Thursday, 15 January 2009
I got a specimen from a friend a long time ago, not knowing what this really was. I merely recall it being planted en-masse just outside Les Amis au Jardin at SBG, or so I thought. So, I found a nice little corner in the garden and proceeded to plant it, quite unsuspectingly of course. Naturally I had to find out the hard way when I noticed many new suckers appearing all over my garden within weeks.
The Clerodendrum bungei (commonly referred to as the Glory Bower) does, like many other members of the Clerodendrum family tend to have aggressive suckering. They are therefore highly invasive in nature and can be quite a pain to maintain. However, the upside to all this lies in the fact that the plant does produce large scented cluster of dark pink / magenta coloured flowers. It's large dark-green leaves and suckering nature makes this plant an ideal "filler", preferably within contained spaces.
Despite its shortcomings, the Glory Bower is easy to grow and is relatively fuss free. A good dose of direct sunshine and regular moisture is all it needs to thrive.

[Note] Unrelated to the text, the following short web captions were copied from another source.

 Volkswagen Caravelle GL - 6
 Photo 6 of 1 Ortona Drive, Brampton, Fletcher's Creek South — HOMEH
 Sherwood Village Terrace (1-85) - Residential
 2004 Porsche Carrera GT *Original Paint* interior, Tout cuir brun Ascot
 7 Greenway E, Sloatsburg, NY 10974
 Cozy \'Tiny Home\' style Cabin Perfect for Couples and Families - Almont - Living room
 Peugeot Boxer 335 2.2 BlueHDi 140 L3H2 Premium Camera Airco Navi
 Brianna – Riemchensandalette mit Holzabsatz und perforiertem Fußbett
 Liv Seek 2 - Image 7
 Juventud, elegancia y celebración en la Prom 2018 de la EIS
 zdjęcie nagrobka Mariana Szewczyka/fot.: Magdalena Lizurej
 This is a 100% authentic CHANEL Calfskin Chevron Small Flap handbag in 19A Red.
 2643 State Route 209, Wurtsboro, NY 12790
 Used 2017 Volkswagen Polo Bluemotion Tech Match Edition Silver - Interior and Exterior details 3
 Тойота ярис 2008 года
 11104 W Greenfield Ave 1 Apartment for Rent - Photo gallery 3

Apart from the Glory Bower, I also have the Clerodendrum paniculatum (Pagoda flower - comes in orange-red and yellow), Clerodendrum chinense (Honolulu rose) and the Clerodendrum ugandense (Butterfly Clerodendrum) which is a non-suckering plant that produces beautiful pale blue-violet to white flowers which dance like little butterflies with long antennae at the ends of long, arching branches.